Assigned task:
Which lines in the data below contain the word "Photo"? Copy each of them.
** Opening Data block **
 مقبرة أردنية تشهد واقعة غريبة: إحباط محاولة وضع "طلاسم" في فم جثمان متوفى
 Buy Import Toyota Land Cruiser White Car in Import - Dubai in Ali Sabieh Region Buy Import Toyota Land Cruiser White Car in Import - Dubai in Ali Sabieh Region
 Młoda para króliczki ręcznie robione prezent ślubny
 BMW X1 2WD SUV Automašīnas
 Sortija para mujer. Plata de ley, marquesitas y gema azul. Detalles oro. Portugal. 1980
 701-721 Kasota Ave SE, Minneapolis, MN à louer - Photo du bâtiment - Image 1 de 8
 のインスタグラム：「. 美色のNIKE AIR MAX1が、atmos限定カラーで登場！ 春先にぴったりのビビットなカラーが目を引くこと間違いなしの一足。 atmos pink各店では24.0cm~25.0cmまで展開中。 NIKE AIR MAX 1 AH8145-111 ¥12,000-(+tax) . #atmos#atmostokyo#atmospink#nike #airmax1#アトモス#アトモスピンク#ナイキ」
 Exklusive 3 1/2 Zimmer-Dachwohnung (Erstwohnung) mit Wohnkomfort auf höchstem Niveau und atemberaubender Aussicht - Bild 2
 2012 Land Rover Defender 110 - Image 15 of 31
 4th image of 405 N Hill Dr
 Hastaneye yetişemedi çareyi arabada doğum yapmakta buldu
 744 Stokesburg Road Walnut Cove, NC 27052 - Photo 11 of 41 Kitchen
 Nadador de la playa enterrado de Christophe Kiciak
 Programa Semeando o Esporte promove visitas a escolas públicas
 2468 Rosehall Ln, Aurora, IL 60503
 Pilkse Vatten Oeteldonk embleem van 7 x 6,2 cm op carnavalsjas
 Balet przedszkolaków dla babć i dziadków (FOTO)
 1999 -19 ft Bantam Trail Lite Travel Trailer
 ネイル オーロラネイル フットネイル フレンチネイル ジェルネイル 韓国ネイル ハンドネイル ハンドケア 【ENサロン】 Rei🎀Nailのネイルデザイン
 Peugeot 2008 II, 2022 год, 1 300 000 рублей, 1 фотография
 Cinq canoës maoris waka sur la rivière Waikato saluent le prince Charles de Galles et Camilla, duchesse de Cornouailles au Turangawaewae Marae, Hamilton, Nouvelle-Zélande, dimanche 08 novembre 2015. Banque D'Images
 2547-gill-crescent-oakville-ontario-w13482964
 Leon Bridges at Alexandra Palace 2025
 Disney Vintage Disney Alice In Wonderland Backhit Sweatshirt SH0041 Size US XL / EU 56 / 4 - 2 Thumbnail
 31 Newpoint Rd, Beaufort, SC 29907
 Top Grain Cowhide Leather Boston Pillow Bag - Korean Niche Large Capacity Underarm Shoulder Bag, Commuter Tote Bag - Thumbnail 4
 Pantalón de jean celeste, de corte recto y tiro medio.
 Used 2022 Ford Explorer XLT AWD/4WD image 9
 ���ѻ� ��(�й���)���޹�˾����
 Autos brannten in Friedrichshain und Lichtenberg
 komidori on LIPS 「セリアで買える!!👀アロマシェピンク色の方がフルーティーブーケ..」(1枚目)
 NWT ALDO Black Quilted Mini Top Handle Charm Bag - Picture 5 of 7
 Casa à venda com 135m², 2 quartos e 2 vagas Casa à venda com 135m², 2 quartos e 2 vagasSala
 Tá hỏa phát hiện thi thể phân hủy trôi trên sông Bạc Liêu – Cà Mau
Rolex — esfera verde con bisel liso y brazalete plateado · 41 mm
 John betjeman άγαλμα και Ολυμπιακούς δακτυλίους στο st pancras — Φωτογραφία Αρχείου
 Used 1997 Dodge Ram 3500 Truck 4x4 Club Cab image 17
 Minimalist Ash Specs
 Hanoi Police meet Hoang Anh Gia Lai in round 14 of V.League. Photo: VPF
** Closing Data block **
Written answer:
 701-721 Kasota Ave SE, Minneapolis, MN à louer - Photo du bâtiment - Image 1 de 8
 744 Stokesburg Road Walnut Cove, NC 27052 - Photo 11 of 41 Kitchen
 Hanoi Police meet Hoang Anh Gia Lai in round 14 of V.League. Photo: VPF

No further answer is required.